Travelex Insurance Services also runs a partner portal at a separate subdomain aimed at travel agents and affiliates, suggesting that a good chunk of the business flows through agencies rather than direct sign-ups. Round-the-clock emergency assistance coordination is part of the package too, the sort of thing you hope never to test but want in place when a trip goes sideways in another country. The audience is broad: families, business travelers, adventure seekers, domestic and international alike.
Contact information is about as plain as it gets. A toll-free phone line, a mailing address on North 96th Street in Omaha, and weekday hours from 8 to 7 Central are all posted openly, so reaching a human is not a scavenger hunt. For an insurer, that openness is more useful than it sounds, because the moment you need them is usually the moment something has already gone wrong.
On reputation, the read is mixed but leans positive. Travelex Insurance Services holds roughly four stars across more than 1,100 Trustpilot reviews, with another 500-plus reviews logged at ConsumerAffairs, so there is a real volume of customer feedback to weigh rather than a handful of cherry-picked testimonials. Squaremouth, the comparison marketplace, consistently ranks Travelex Insurance Services near the top for customer satisfaction, and MoneyGeek scored it 88 out of 100 overall while handing it a near-perfect 99 for customer service against a field of thirteen insurers. US News has folded it into its carrier comparisons as well.

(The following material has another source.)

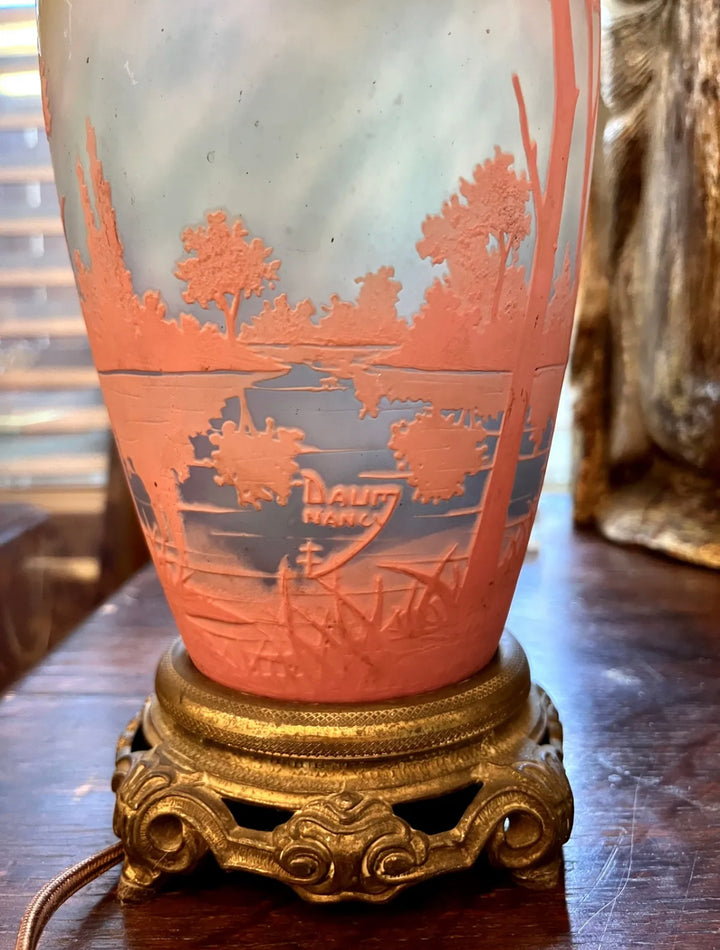 ドーム兄弟(Daum Nancy)ピンクの湖水風景のテーブルランプのサイン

The counterweight comes from the BBB profile out of Omaha, where recurring complaints cluster around slow claims response and communication gaps. That pattern is common in the travel insurance trade, but it is the exact friction point a buyer cares about, because a generous coverage table means little if the payout drags. Set the strong service scores from Squaremouth and MoneyGeek next to those BBB grievances and you get a fuller, less tidy picture than any single rating gives.
Pricing tiers, optional waivers, a working set of self-service tools, and a major underwriter form the core of what Travelex Insurance Services puts in front of a shopper. The early-purchase requirement on the pre-existing waiver and the claims-speed complaints are the two details that deserve a careful read before buying a policy from Travelex Insurance Services.